(Data listing Opens)

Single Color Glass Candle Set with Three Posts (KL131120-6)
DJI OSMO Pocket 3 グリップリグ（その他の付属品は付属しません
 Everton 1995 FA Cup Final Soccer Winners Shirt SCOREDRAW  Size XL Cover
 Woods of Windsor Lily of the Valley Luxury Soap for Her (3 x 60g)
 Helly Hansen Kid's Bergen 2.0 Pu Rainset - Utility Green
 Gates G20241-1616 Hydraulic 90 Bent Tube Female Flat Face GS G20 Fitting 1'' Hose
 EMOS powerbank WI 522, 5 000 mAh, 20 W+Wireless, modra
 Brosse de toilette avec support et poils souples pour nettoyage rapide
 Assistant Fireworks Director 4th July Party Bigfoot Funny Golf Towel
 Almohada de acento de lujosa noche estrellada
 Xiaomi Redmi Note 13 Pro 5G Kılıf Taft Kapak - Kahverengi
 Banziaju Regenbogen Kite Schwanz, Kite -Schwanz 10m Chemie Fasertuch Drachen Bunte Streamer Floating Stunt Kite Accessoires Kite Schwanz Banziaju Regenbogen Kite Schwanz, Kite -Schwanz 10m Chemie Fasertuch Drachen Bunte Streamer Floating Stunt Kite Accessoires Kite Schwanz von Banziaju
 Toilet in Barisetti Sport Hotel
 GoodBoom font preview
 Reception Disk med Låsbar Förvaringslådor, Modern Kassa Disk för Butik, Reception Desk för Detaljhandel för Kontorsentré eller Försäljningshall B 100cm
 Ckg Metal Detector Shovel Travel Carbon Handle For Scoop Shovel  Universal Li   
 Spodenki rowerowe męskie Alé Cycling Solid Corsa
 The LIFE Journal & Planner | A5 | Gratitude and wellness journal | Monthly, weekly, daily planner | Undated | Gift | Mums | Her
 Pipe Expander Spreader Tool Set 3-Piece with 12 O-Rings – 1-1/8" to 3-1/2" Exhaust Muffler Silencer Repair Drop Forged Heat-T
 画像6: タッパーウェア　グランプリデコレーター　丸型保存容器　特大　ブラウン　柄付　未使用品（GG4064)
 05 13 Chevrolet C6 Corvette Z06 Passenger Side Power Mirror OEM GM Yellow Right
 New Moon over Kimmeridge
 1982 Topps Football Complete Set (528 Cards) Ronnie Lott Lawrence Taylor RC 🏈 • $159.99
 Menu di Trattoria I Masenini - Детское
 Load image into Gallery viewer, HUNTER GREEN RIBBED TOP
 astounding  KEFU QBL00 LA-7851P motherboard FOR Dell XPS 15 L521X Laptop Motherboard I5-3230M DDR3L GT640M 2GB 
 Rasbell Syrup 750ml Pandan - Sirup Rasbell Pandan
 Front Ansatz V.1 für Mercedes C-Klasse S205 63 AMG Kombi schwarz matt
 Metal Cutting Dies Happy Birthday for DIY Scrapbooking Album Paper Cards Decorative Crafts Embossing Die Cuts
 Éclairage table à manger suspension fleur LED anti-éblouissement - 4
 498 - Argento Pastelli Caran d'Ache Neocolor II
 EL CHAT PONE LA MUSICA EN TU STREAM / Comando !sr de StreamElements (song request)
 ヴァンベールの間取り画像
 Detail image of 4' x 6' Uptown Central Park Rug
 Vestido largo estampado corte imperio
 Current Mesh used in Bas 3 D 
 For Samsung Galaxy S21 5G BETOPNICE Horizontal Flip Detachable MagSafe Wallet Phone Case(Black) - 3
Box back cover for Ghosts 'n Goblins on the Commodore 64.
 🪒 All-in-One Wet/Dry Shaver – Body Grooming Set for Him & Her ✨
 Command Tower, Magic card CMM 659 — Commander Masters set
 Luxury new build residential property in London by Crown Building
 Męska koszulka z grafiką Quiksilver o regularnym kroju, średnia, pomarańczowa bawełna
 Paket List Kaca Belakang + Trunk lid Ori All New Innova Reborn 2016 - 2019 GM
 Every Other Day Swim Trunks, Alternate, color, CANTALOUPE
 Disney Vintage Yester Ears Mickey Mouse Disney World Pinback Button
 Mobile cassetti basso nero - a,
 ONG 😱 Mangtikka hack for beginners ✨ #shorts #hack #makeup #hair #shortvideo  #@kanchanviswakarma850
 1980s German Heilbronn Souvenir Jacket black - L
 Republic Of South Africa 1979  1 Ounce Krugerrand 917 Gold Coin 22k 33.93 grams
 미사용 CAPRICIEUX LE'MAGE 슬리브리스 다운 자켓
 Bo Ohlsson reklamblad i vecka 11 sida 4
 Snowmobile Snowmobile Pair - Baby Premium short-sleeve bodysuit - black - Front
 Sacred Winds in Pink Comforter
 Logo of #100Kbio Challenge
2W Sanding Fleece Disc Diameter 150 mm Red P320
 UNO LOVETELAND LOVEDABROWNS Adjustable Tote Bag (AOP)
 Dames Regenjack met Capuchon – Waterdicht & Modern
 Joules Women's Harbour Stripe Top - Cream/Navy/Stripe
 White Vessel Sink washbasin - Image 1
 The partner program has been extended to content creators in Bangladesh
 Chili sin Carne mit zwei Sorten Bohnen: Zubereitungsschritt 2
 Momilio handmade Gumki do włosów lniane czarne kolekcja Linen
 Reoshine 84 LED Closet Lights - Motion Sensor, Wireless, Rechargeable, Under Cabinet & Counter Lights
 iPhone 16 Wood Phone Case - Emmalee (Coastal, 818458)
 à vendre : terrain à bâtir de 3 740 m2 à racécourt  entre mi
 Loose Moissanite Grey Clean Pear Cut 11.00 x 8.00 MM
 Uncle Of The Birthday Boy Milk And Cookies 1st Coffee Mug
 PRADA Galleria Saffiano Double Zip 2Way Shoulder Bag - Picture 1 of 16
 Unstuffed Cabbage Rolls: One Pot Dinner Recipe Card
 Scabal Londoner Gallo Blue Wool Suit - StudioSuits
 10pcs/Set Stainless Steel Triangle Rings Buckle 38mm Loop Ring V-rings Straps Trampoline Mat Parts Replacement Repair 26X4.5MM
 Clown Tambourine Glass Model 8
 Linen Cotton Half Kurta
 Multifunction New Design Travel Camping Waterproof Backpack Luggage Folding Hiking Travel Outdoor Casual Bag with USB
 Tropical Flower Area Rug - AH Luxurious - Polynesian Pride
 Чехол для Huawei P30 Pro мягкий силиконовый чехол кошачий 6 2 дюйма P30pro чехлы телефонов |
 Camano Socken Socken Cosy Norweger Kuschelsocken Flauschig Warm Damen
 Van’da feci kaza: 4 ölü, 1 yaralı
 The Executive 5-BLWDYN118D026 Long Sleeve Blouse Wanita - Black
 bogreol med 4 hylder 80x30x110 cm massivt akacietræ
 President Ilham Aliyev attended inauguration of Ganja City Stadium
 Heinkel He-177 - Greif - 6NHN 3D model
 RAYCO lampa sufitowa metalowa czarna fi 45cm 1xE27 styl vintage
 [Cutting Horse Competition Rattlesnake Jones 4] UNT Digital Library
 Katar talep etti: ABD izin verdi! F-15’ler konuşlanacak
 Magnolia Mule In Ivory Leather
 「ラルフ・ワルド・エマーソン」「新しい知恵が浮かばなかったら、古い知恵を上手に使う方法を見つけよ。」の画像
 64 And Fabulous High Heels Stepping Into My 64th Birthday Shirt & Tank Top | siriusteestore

(Data listing Closes)

Task objective> Your answer should consist only of the lines from the one that holds "Чехол для Huawei" to the end of the entries above, both ends included, each repeated exactly.

Exercise answer>
 Чехол для Huawei P30 Pro мягкий силиконовый чехол кошачий 6 2 дюйма P30pro чехлы телефонов |
 Camano Socken Socken Cosy Norweger Kuschelsocken Flauschig Warm Damen
 Van’da feci kaza: 4 ölü, 1 yaralı
 The Executive 5-BLWDYN118D026 Long Sleeve Blouse Wanita - Black
 bogreol med 4 hylder 80x30x110 cm massivt akacietræ
 President Ilham Aliyev attended inauguration of Ganja City Stadium
 Heinkel He-177 - Greif - 6NHN 3D model
 RAYCO lampa sufitowa metalowa czarna fi 45cm 1xE27 styl vintage
 [Cutting Horse Competition Rattlesnake Jones 4] UNT Digital Library
 Katar talep etti: ABD izin verdi! F-15’ler konuşlanacak
 Magnolia Mule In Ivory Leather
 「ラルフ・ワルド・エマーソン」「新しい知恵が浮かばなかったら、古い知恵を上手に使う方法を見つけよ。」の画像
 64 And Fabulous High Heels Stepping Into My 64th Birthday Shirt & Tank Top | siriusteestore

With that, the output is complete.